The choke cable should be slack for choke on and tight for choke off.

Might make a difference?

Regards

rhyatt

if the condenser is loose then that needs to be sorted immediately.
the condenser is a fundamental part of the ignition circuit

highboy_coupe

Thanks both, I figured out the choke on closer inspection and realised it was backwards compared to other carbs...
It has not made any difference to starting!

The condenser, I noticed the plate in which it is clamped has some flex in it, it is bolted to the backplate but not rigidly so.

I can't understand why, with a spark and compression, starting fluid will not cause it to run for even a second!?


rhyatt

As mentioned, you can have all the fuel you like, but the condenser is a vital and fundamental component in the ignition.
This could well have changed the quality and colour of the spark.
Tighten it up and check the points and try again

Beesy

It sure is frustrating. That's one of the joys of dealing with obsolete vehicles!
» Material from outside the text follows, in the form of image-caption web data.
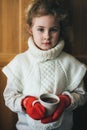 Cute blonde little girl holding hot steaming tea cup close up photo Royalty Free Stock Photo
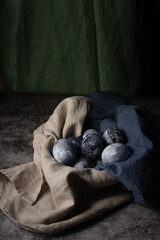 Easter still life in a rustic style. marble eggs in an earthen bowl on a towel on the background of linen fabric. A method for dyeing eggs with a natural dye made from blueberry juice.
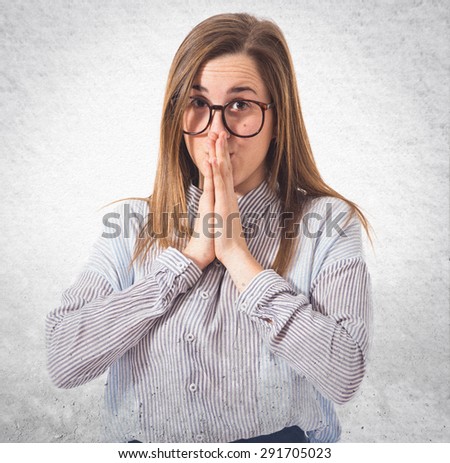 Girl pleading over textured background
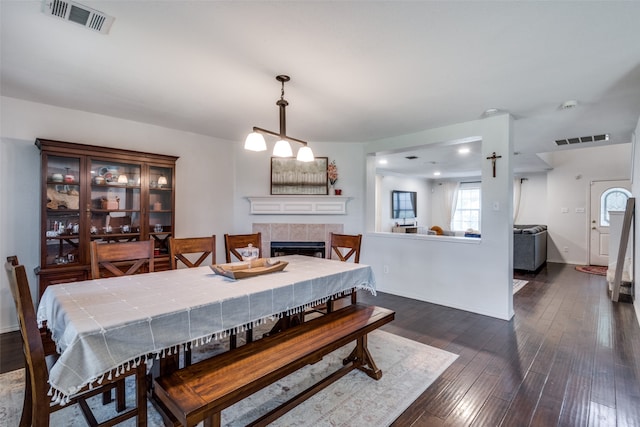 dining space featuring dark wood-type flooring and a tile fireplace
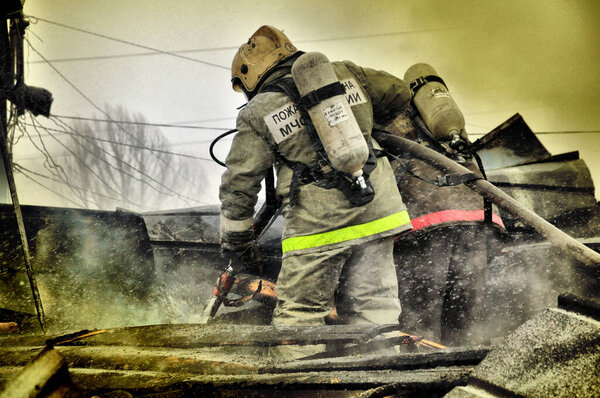 Firefighters with the inscription on the back in Russian "Fire protection" extinguish the fire on the fire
The spark could be breaking down under compression.

In this sort of situation it's a case of going over it all again, changing one thing at a time.
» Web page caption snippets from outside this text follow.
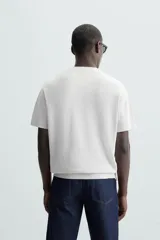 Camiseta negra de corte recto y manga corta, tejida en punto perlado de algodón.
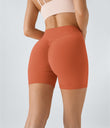 SoftlyZero™ Plush High Waisted Crossover Ruched Yoga Shorts 5'' - Orange Rust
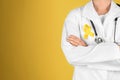 Doctor with yellow ribbon on robe against color background. Cancer awareness concept Royalty Free Stock Photo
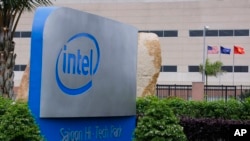 FILE - The logo of Intel Corp. is set up at its assembly and test facility at Saigon High Tech Park, Ho Chi Minh City, Vietnam.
A new,  properly earthed condenser seems the best place to start.

Good luck, your perseverance will pay off.

highboy_coupe

Thank you,  I guess that might explain it, seeing as there is a spark when not under compression. I have a whole raft of period spares, but then 40 year old spares are probably junk!

highboy_coupe

Hi, I felt like the Amal was flooding the engine at all times, so I went with gut instinct and threw caution to the wind, I bought a PWK carb and jetted it comparably to the Amal. 

One kick from cold and it started! It's now chuffing away at idle like the proverbial sewing machine. I still need to do the 12v conversion but I'm happy it runs so nicely. I thought it was a lost cause!

Thank you for the interest. I'll be needing more help soon.  Like how to fit an air filter on this thing... Or the chances of the Amal being fixed by a batch in an ultrasonic cleaner ...


Beesy

Great result. The satisfaction of solving the problem is greatly isn't it?

Just goes to prove that 75% of ignition problems are the carb & vice versa.

highboy_coupe

Thanks Beesy,  I feel slightly guilty putting a modern-ish carb on it, and it makes me mad that I can't get it to run on its original equipment. But I did feel slightly elated when it ran like that! First time in 40 years the engine has been together!!

Beesy

Don't worry about it not being standard, it's your bike and you can do as you please with it. It's something that can easily be reversed

I've never heard of PWK carbs, a quick Google shows they are cheap, a good idea to get one of those to see if that was your problem. Spending £200 or whatever on a new Amal for it not to be the problem wouldn't have cheered you up.

To me the skill of a good mechanic is quick and accurate diagnosis, which unless gifted, only comes with experience. Rectifying the issue afterwards is,  relatively, the easy part.

Glad you got it sorted. You wait for the grin factor when you take it for your first spin!